Beefy Boxes and Bandwidth Generously Provided by pair Networks
Keep It Simple, Stupid
 
PerlMonks  

Very basic question while reading a file line by line

by Anonymous Monk
on Dec 10, 2022 at 01:17 UTC ( [id://11148698]=perlquestion: print w/replies, xml ) Need Help??

Anonymous Monk has asked for the wisdom of the Perl Monks concerning the following question:

Hello fellow monks!
I come to you with something that might be super trivial, but I am not sure I know the answer to it:
If you have a file with lines like this:
id name 123 john 34 john 567 john 11 peter 899 peter 87 helen

and you want to keep the first (only the first) record for each of the names that appear on the second column i.e.:
123 john 11 peter 87 helen

how does it work using the while loop and reading line by line?

Replies are listed 'Best First'.
Re: Very basic question while reading a file line by line
by GrandFather (Saint) on Dec 10, 2022 at 04:21 UTC

    Your sample data smells like CSV. If that is the case you really should use Text::CSV to read the file.

    That aside, I'd be much happier to see some code that you have attempted to use and a description of how it fails than a simple cap in hand request for us to do your homework for you.

    Oh, and Anonymous Monk doesn't get to consider itself a fellow monk in my book. To gain that qualification you should join the monastery.

    Optimising for fewest key strokes only makes sense transmitting to Pluto or beyond
Re: Very basic question while reading a file line by line
by atcroft (Abbot) on Dec 10, 2022 at 01:45 UTC

    Q: How would you do it manually?
    A: You would recall which you have already seen, and only output if it were not in that list.

    Q: How to do that in code?
    A: One way would be to put the name into a hash, and only output if it were not present. In my example code below (which I used data from an array instead of a file, but the logic within the while loop is the same as if processing a file), I split the line into two (2) parts based on m/\s+/ (one or more whitespace characters, which could be spaces, tabs, etc). I then check if the name exists as a key in the hash (%seen); if not, I output the line. After the check, I increment the value of the hash element with the name as the key.

    Output:

    $ ./11148698-00.pl id name 123 john 11 peter 87 helen

    Code:

    Hope that helps.

Re: Very basic question while reading a file line by line
by kcott (Archbishop) on Dec 10, 2022 at 05:48 UTC
    "Very basic question ..."

    Unfortunately, the question itself is too basic. You have omitted information which, if provided, would have resulted in a better answer for you.
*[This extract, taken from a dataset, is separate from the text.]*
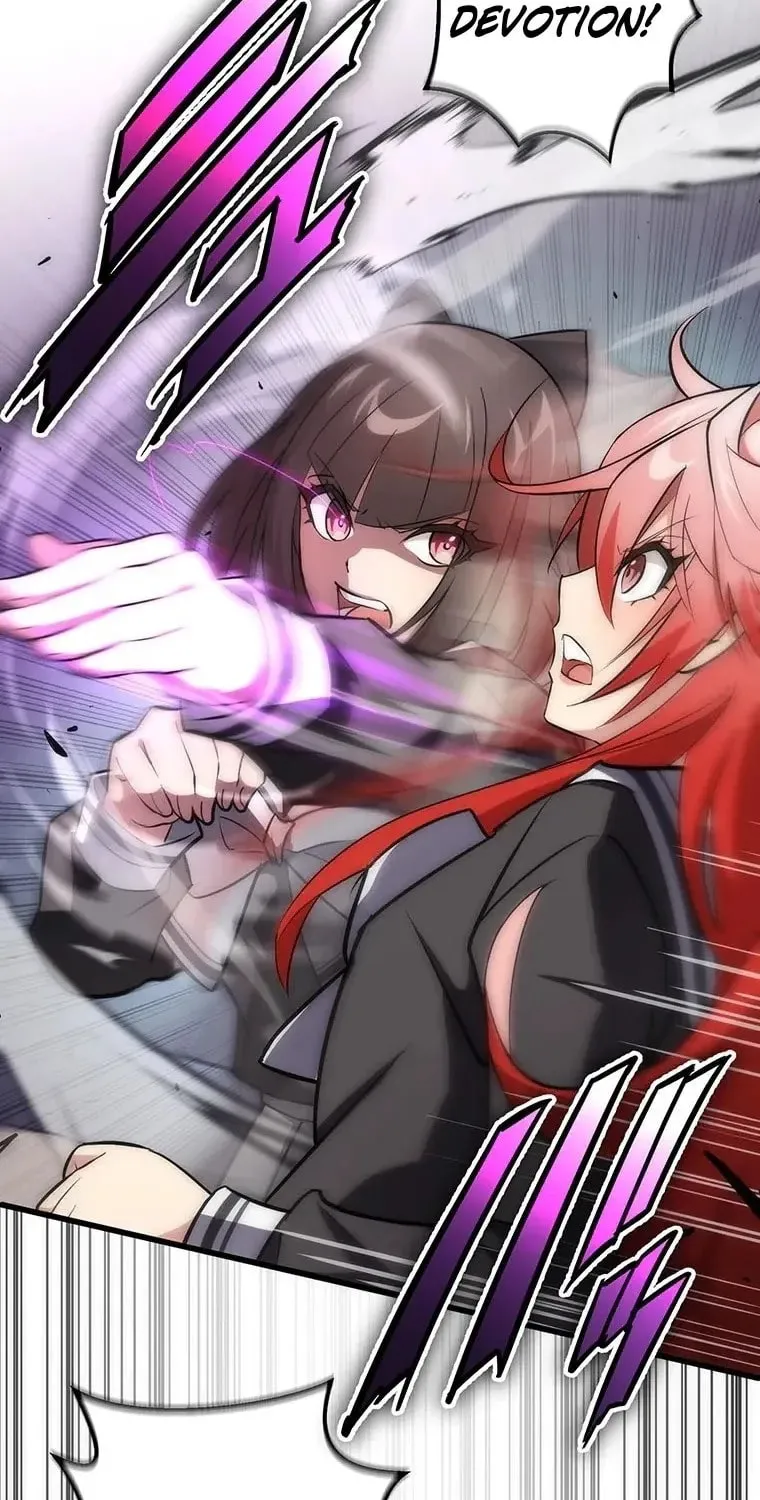Read Battle Aristocracy chapter 9 image 58 on Lezhin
    Your input appears to be a tab-separated CSV file. Three things suggest this:

    • You refer to columns, not fields (CSV files have columns). I've added a record to your posted data to demonstrate the difference (see below).
    • In each record, the second elements are aligned (with tabs?).
    • You have a header record (which is common for CSV files).

    You've said nothing about the encoding of your data. I've used "UTF-8" for both input and output; you may need something else.

    Your data seems very simplistic. Is what you posted truly representative of your real data?

    I added an extra record to your posted input:

    $ cat test_in.csv id name 123 john 34 john 567 john 11 peter 899 peter 87 helen 961 Anonymous Monk

    In a normal file, with no special format defined, and to the extent that it's represented in a webpage, that last record has three fields; however, if a CSV format is specified, that last record has only two columns, just like all of the other records. Here's the CSV format revealed ('^I' represents a tab; '$' represents a newline):

    $ cat -vet test_in.csv id^Iname$ 123^Ijohn$ 34^Ijohn$ 567^Ijohn$ 11^Ipeter$ 899^Ipeter$ 87^Ihelen$ 961^IAnonymous Monk$

    Parsing CSV files has many gotchas. Don't try writing your own code to deal with all of these: Text::CSV has already done so; its use is highly recommended. Note that if you, or your users, have Text::CSV_XS installed, it will run faster (without requiring any change to the "use Text::CSV;" statement).

    The code for performing the filtering is fairly straightforward. Here's a few notes:

    • autodie — let Perl deal with I/O exception handling: it won't get it wrong; it won't forget to do it; it's a tedious task that I'd prefer not to have to do myself.
    • constant — I like to have named array indices. Possibly overkill in such a tiny script; although, I still think "$row->[NAME]" is immediately clear, while "$row->[1]" may take a moment's thought.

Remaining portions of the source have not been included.